Mais cette victoire “par la droite” a des raisons plus profondes. Dominique Reynié, directeur de la Fondation pour l’innovation politique, les détaille
dans un article de la dernière livraison de la revue Commentaire à propos de la situation de la droite en Europe. La gauche sociale-démocrate, dit-il, est partout en perte de vitesse, à cause de la globalisation, de l’épuisement de l’État-providence, du vieillissement avec ses effets idéologiques (sur la sécurité) ou démographiques (immigration et conséquences) : « L’histoire ferme la porte du pouvoir à la gauche ; la crise de la dette la verrouille à double tour. » À partir du moment où Dominique Reynié vous dit : « dans ce mouvement historique, la gauche perd sa raison d’être – et ses électeurs », comment fait-on quand on s’appelle François Hollande et que l’on a de l’ambition ?
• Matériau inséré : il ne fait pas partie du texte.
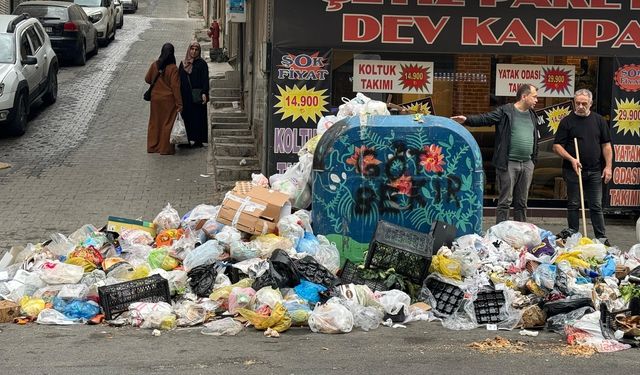 Buca'da grev etkisi: Vatandaş çöp yığınlarından rahatsız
Eh bien on fait le choix délibéré d’adopter certains thèmes jusque-là familiers de la droite : la réforme fiscale, la solidarité entre générations, et surtout la rigueur budgétaire – tout en associant à ces sujets la distribution de sucres d’orge classiques de la gauche (augmentation du Smic, recrutement de fonctionnaires, enseignants, policiers), même si cela n’empêche pas Martine Aubry de vous accuser d’incarner la « gauche molle » – molle par son virage au centre. L’essentiel est de l’emporter. Avec quels électeurs ? Ceux du vaste ensemble conservateur des avantages acquis, préservé de la compétition mondiale, cet électorat « arc-en-ciel » décrit par Olivier Ferrand pour la fondation Terra Nova, plus féminin, plus coloré, et essentiellement composé par des agents et cadres de la fonction pu­blique, des magistrats, des enseignants et des pro­fessions intermédiaires.
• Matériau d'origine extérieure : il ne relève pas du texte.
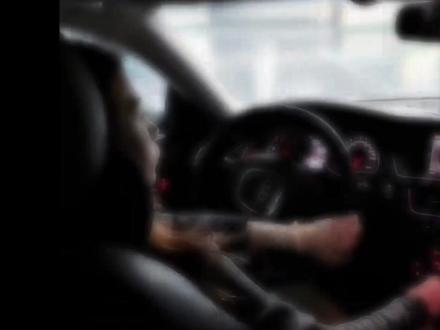 这个泡沫方向盘转场也太有感觉了,今天五秒教会你,有车就能拍 #泡沫转场 #泡沫转场让心跳漏一拍 #方向盘转场 #教程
Par cette manœuvre tactique et la position qu’il occupe désormais, Hollande asphyxie le centre ; mais il laisse à découvert un premier espace sur sa gauche au front de Jean-Luc Mélenchon qui a absorbé les communistes et fait disparaître les trotskistes. Surtout, il abandonne un espace beaucoup plus large à droite où se situent désormais ces classes moyennes et populaires, confrontées, elles, à la mondialisation, à la concurrence des immigrés, à l’insécurité, à l’affaissement de l’autorité, à la baisse de la qualité de l’école, etc. Ces classes populaires dont la gauche entend réduire le poids électoral et l’influence en préconisant le droit de vote aux immigrés et le multiculturalisme imposé par la loi.
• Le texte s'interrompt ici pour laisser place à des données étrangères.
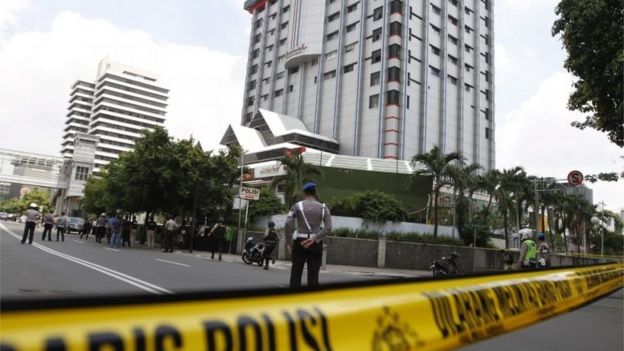 Police cordon off the Starbucks cafe (14 Jan 2016)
Voilà pourquoi la désignation de François Hollande, sa situation sur l’échiquier politique sont en train de changer le sens de la bataille. L’enjeu est évident pour la droite : elle n’a d’avenir que dans la reconquête de l’électorat populaire qui avait fait l’élection de 2007 et qui a en partie déserté. En même temps, François Hollande, devenu le favori, va dorénavant s’attirer les feux nourris de tous ses concurrents, de gauche, des Verts, du centre et de droite, feux qui se concentraient jusqu’à présent (à l’exception de la majorité naturellement) sur Nicolas Sarkozy. Le voici qui va pouvoir respirer.